Oracle compression results in huge savings on disk space depending on the nature of your data. 

I/O Speed Up:

Oracle compression enables Oracle shops to boost I/O speeds up to 300x faster than platter disk.  

Reduced Buffer Cache Requirement:

Table compression can significantly reduce disk and buffer cache requirements for database tables.

Reduced Disk Space:

The reduction of disk space using Oracle table compression can be significantly higher than standard compression algorithms, because it is optimized for relational data.

Faster Scan Operations:

Oracle compression results in f aster full scan/range scan operations as tables will reside on less data blocks, full table scans and index range scans can retrieve the rows with less disk I/O. 

Pitfalls of Oracle 11g Compression:

Although Oracle data compression offers huge benefits but the exact overhead costs remain unknown. In a perfect implementation, incoming data would only be decompressed once at read time and the uncompressed copy of the disk block would reside in RAM, thereby minimizing changes to the Oracle kernel code. The overhead on DML must involve below operations.

Hot Blocks:

The possibility of hot blocks on the disk can be increased as data is tightly compressed on the data blocks allowing more rows to be stored.
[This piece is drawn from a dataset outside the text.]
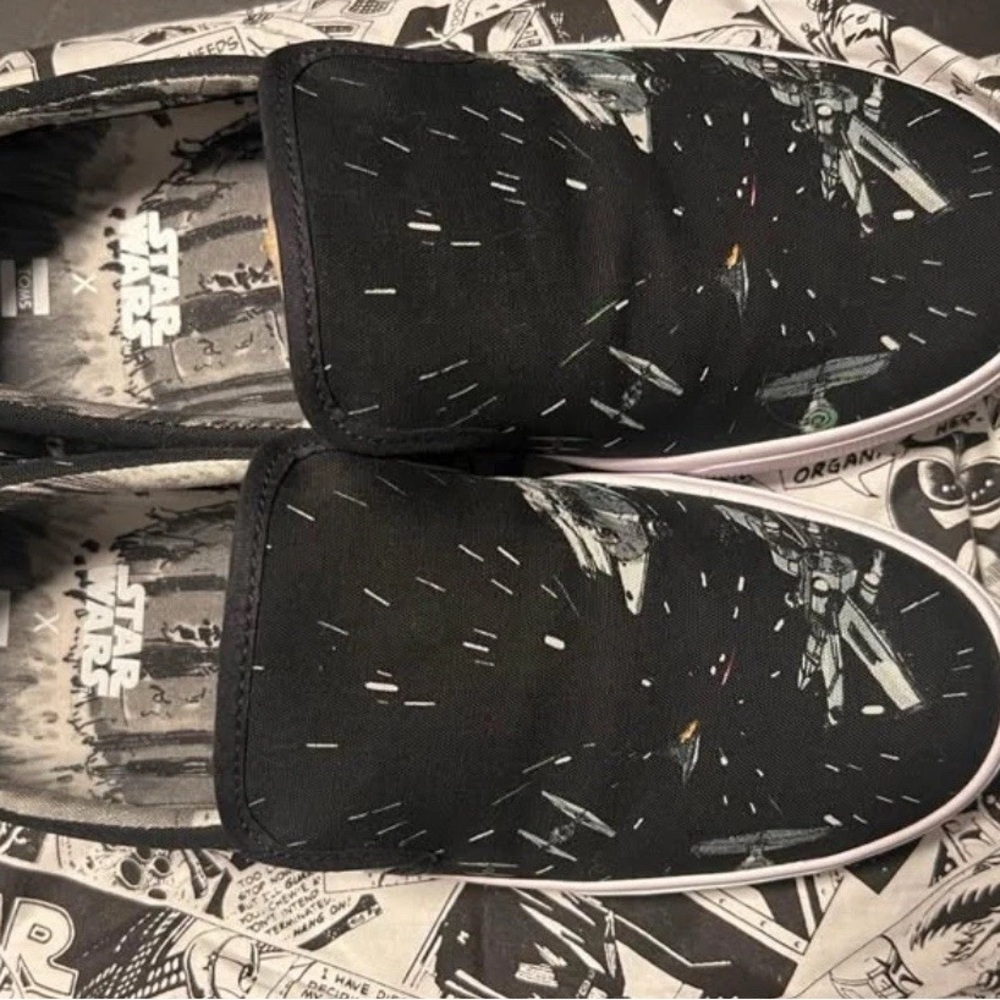 Tom’s Limited Edition Star Wars Slip On Shoes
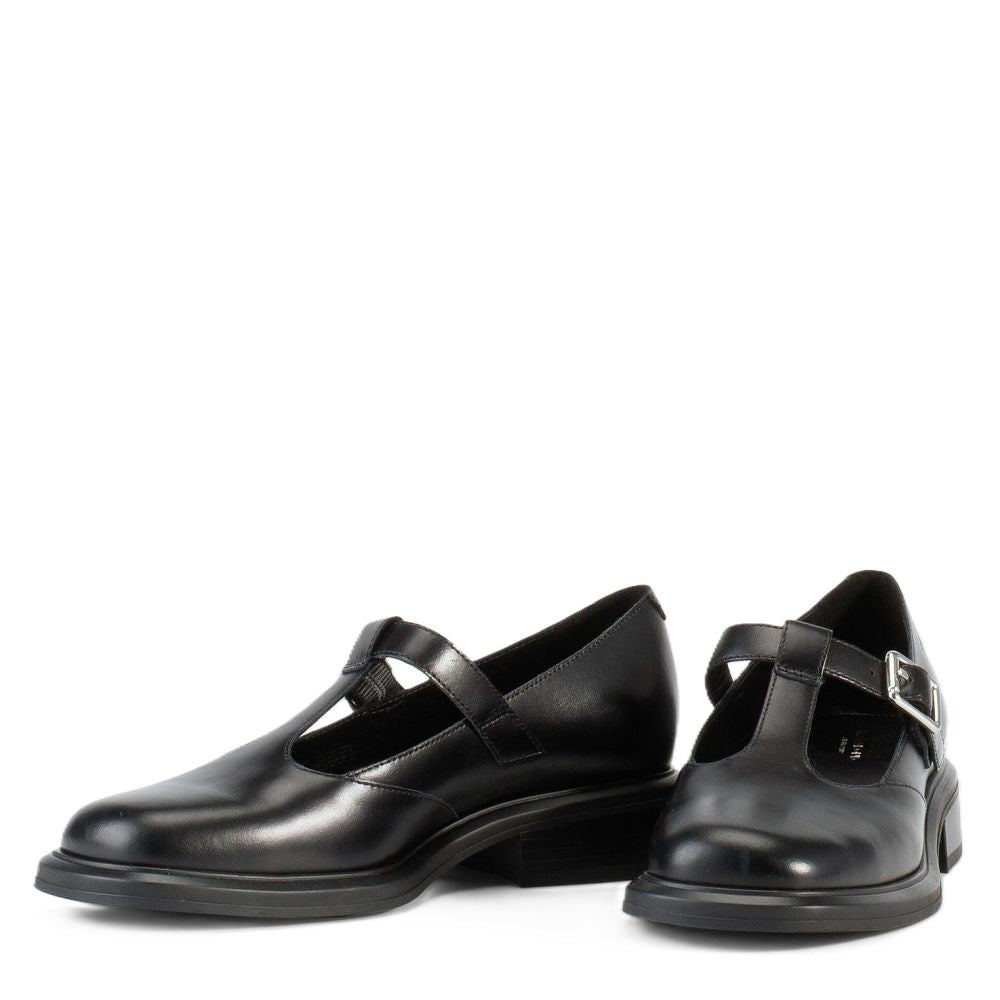 Vagabond Women's Ellis Shoes in Black Leather - Getoutside Shoes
Using large data buffers and/or solid-state disk will alleviate this issue. 

Outbound data block:

The outbound data block must be compressed to fit into its tertiary block size as defined by db_block_size and the tablespace blocksize keyword. 

Data block Unlinking:

Oracle must determine if the data block should be unlinked from the freelist whenever a SQL update, insert of delete changes a data block in RAM. This threshold is defined by the PCTFREE parameter.

Incoming disk blocks:

The incoming disk blocks must be expanded once and stored in the RAM data buffer at physical read time.

RAM Demands:

There may be increased RAM demands within the data buffers ( db_cache_size, db_nn_cache_size ) if compressed data blocks are expanded once and saved. This is especially important for objects residing within the KEEP pool. It will be difficult to adjust pool to automate without wasting RAM.  We know how many disk blocks a table occupies, but we may not know the compression factor unless Oracle keep the compression details buried somewhere inside the 11g data dictionary views or AWR.